7e point : la question des dépenses publiques est taboue en France. Et pourtant, on devrait essayer de comprendre pourquoi la France bat le record de la dépense publique en Europe. Pourquoi l’Allemagne affiche un taux de dépense publique de 44% du PIB, ce qui la ramène à 13 points de moins que la France. Les allemands vivent tout aussi bien que nous avec des services publics qui marchent en moyenne plutôt mieux que les nôtres. La santé des allemands est bonne, leur système d’éducation est bien meilleur que le nôtre. Et l’Allemagne dépense 100 milliards de moins que nous. Alors, l’Allemagne a une démographie moins couteuse que la nôtre parce que sa population est moins jeune, donc moins de frais généraux et sociaux. Encore que les retraites soient plus lourdes, avec des dépenses régaliennes sur la défense moins lourdes.

Globalement, c’est dans l’organisation et le management de son administration que l’Allemagne gagne. Ainsi que dans son périmètre.

Nous avons en France un problème d’efficacité de la dépense publique et une incapacité à se remettre en cause. Le moindre projet de réorganisation ou de mise en concurrence se transforme en drame national.

Conclusion, aujourd’hui encore, la France toutes classes confondues se félicite du retour de la croissance, mais se met au bord de la colère à propos de la pression fiscale. Si jamais un analyste de base et de bons sens rappelle que si nous dépensions moins (en dépenses publiques et sociales), on pourrait commencer à baisser le poids des impôts, il est immédiatement voué aux gémonies. Courage fuyons.

Ce refus de considérer que l’argent consacré à la dépense publique constitue l’essentiel des revenus de redistribution pour tous ceux qui les actionnent où en bénéficient.

Or, les revenus de redistribution se nourrissent des revenus de production ou de l’emprunt (revenus à venir), mais ils sont aussi en concurrence avec les revenus de production. Ce qui a forcément un impact politique.

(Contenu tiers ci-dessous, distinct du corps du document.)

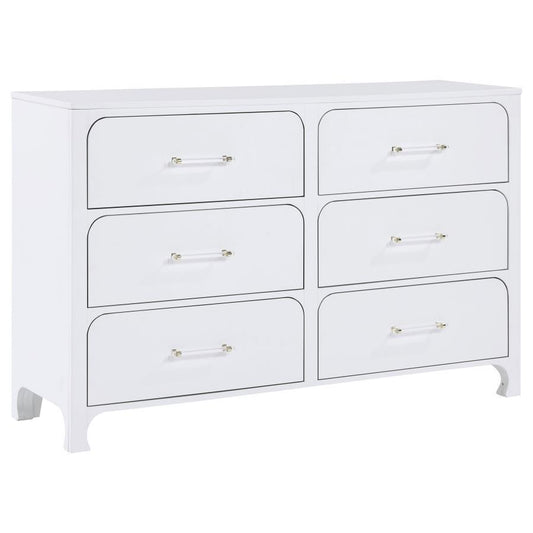 Anastasia - 6-Drawer Dresser - Pearl White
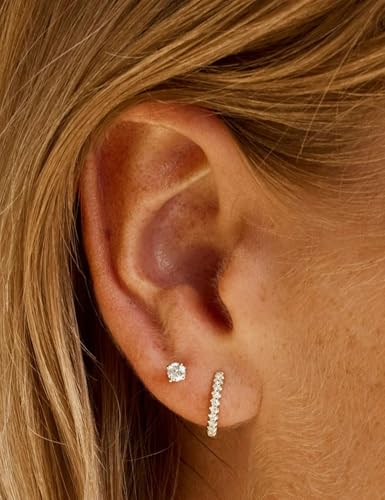 Kainier Women's 14K Gold Plated CZ Stud Earrings Simulated Diamond Round Cubic Zirconia Ear Stud Set（5 Pairs)… - color: Gold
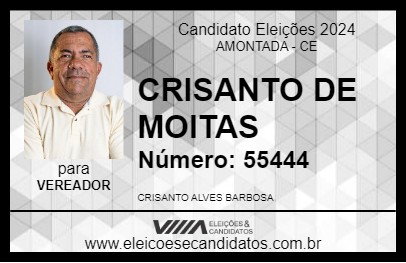 Candidato CRISANTO DE MOITAS 2024 - AMONTADA - Eleições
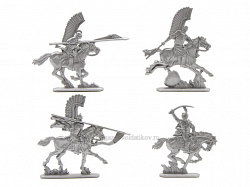 Солдатики из пластика Польские крылатые гусары (4 шт, серебро), Солдатики ЛАД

Mais attention, si la dépense publique (en gros les revenus de redistribution) dépasse les 50%¨du PIB, cela veut dire que les agents économiques normalement rationnels ont plus d’intérêt à chercher des revenus de redistribution (agents de la fonction publique, bénéficiaires de prestations diverses et multiples) que des revenus de production dans les entreprises de marchés.

« Voilà pourquoi votre fille est muette » disait Molière, voilà pourquoi la France va s’étouffer tranquillement sous la dette et les impôts, si elle ne réduit pas la dépense publique.